Kevin Saunders, a mayoral candidate in Marina, a town near Monterrey, recently filed a state ballot initiative to decriminalize mushrooms containing the psychedelic compound psilocybin.  Sensing a shift in public sentiment in the wake of California’s historic legalization of marijuana, scheduled to go into effect in early 2018,  Saunders was evidently also inspired because of his own personal experience using psilocybin mushrooms to overcome a heroin addiction.

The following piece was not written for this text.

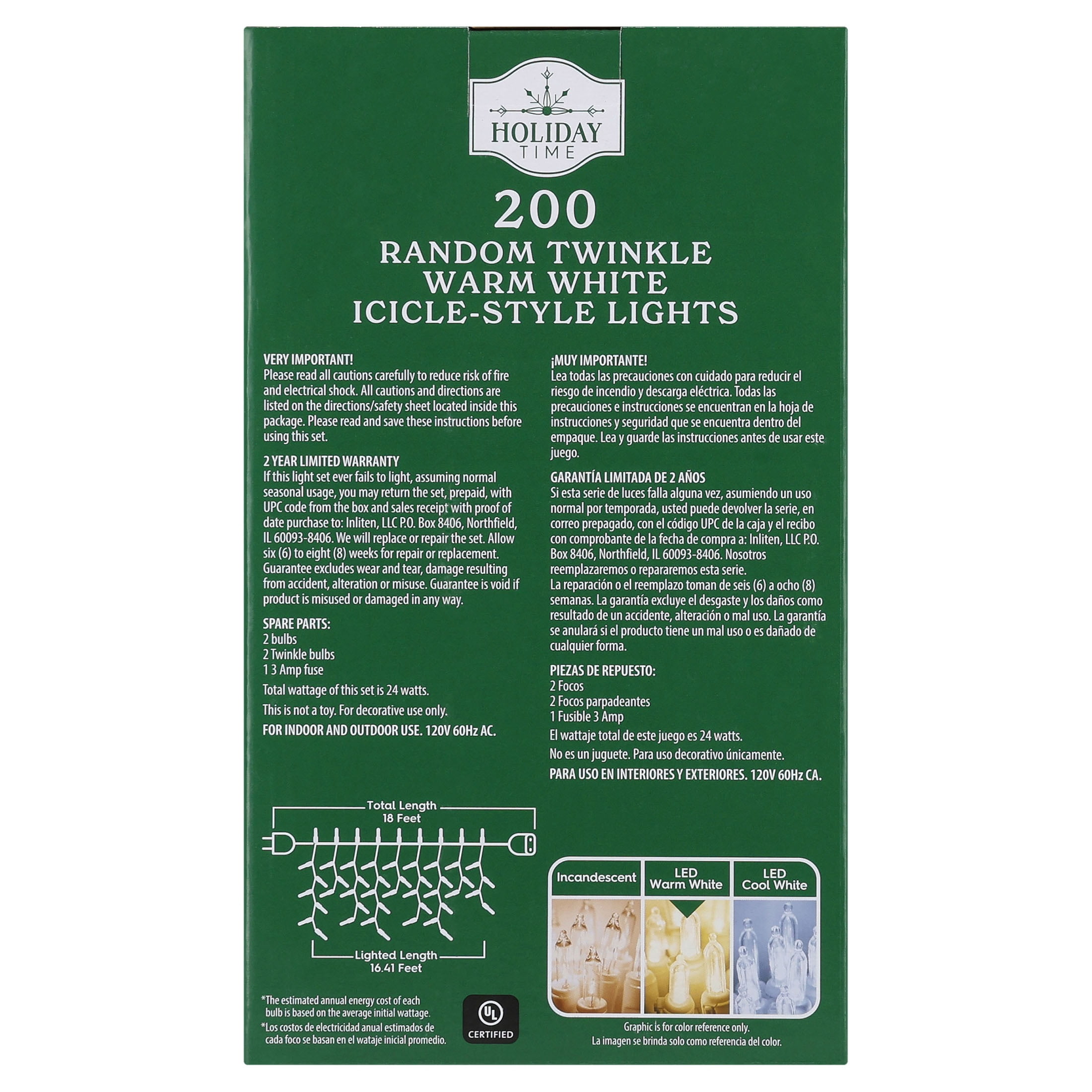 Indoor/Outdoor 200-Count LED Random Twinkle Christmas Icicle-Style Lights, Warm White, White Wire, 16.41', by Holiday Time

While carefully controlled clinical trials have found benefits from laboratory synthesized psilocybin, the open use of psychedelic mushrooms poses far more potential complications than the legalization of marijuana. The knowledge of how to adequately control for safe outcomes with individuals who have consumed psilocybin remains limited to a handful of clinical investigators and an underground cohort of cultural aficionados of psychedelic mushrooms who have developed their own networks and systems of use.

Individuals who trivialize the ingestion of psilocybin mushrooms and fail to take proper safeguards are at significantly higher risk for encountering serious psychological side effects.

For the vast majority of potential users, open access would require an intensive effort to educate a large populace, which remains relatively ignorant of the range of effects of these powerful psychoactive compounds and unaware of critical safety factors, including screening out potential users with serious underlying psychological vulnerabilities, avoiding the concomitant use of other drugs and alcohol, and paying rigorous attention to optimizing the set and setting of the experience.

Over the past 15 years, several FDA-approved psychiatric research studies have explored the therapeutic potential of laboratory synthesized psilocybin and observed an impressive range of therapeutic effects, particularly in patient populations often unresponsive to conventional treatments.  Our research group at the LA BioMed conducted the first approved treatment study in several decades using a psychedelic treatment model with patients with advanced-cancer anxiety and observed a sustained reduction in anxiety and improved mood over time.  Two subsequent studies conducted on the east coast, and approved to use a higher dose of psilocybin with a larger cohort of subjects, observed even a stronger treatment effect.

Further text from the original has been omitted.